=== Available data ===
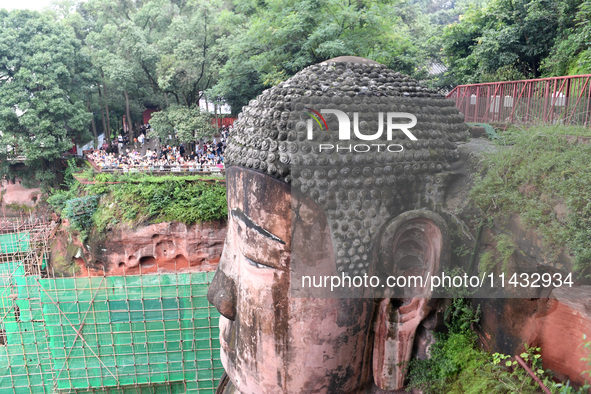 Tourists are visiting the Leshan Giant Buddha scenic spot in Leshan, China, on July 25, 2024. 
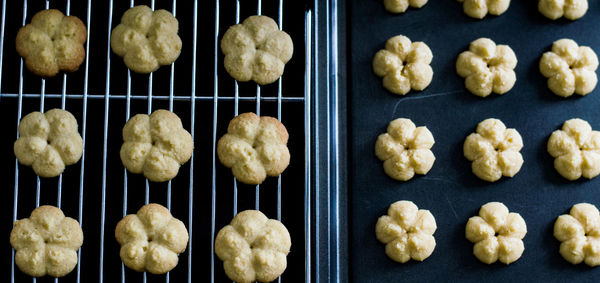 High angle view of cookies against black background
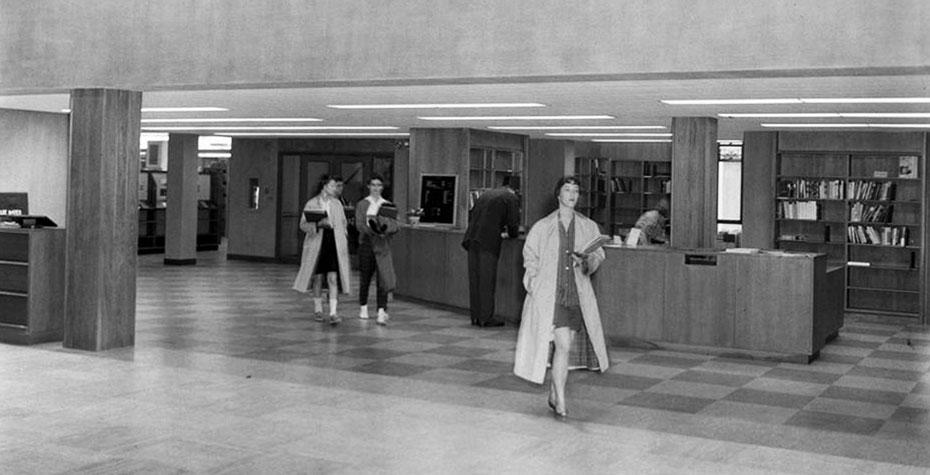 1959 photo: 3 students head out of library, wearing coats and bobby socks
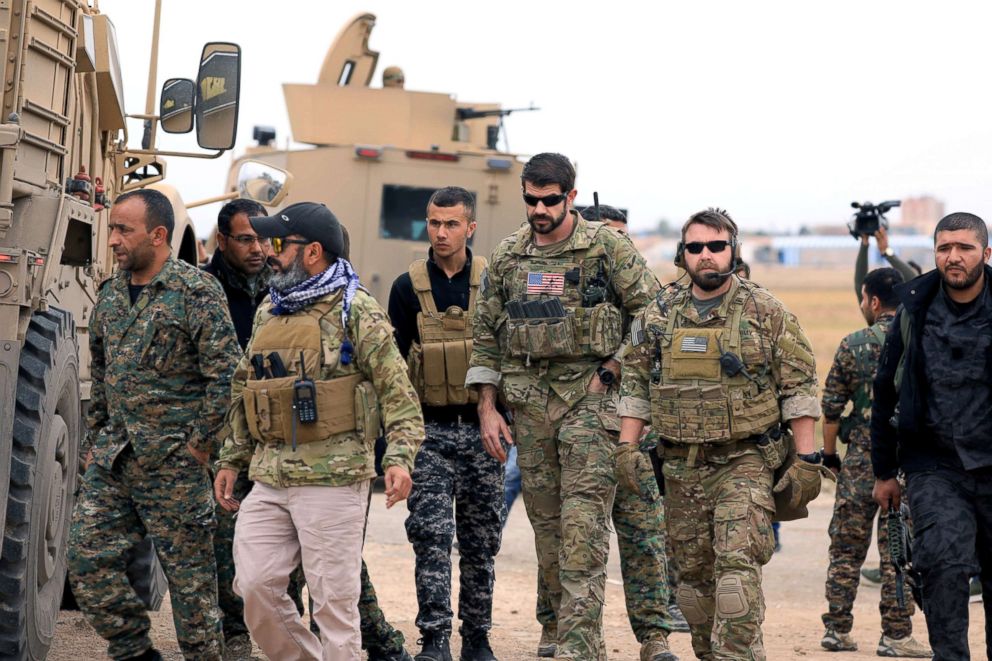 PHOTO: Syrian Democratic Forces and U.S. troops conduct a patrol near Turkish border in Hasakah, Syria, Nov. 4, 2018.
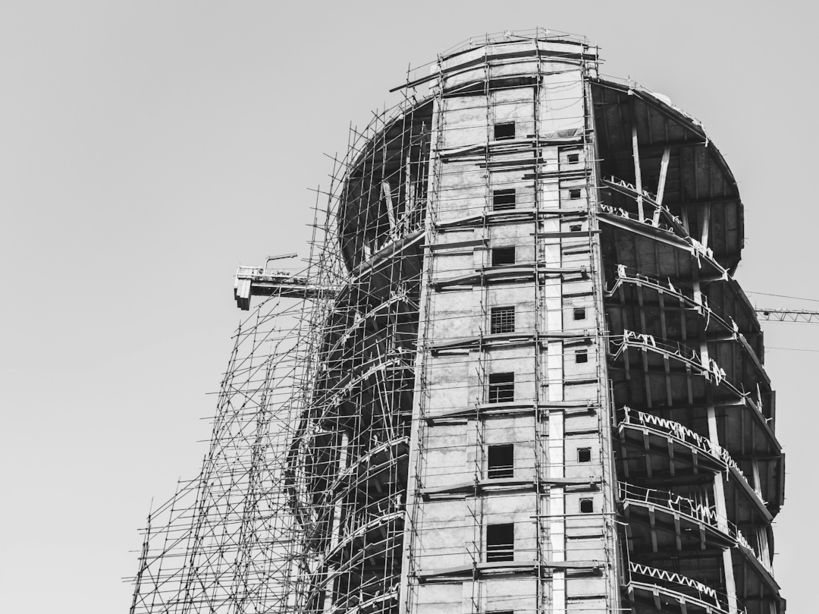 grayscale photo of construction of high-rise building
===
Write out the line that contains "1959 photo: 3" and every line after it to the end of the data, exactly as they stand. Omit the pictures.

 1959 photo: 3 students head out of library, wearing coats and bobby socks
 PHOTO: Syrian Democratic Forces and U.S. troops conduct a patrol near Turkish border in Hasakah, Syria, Nov. 4, 2018.
 grayscale photo of construction of high-rise building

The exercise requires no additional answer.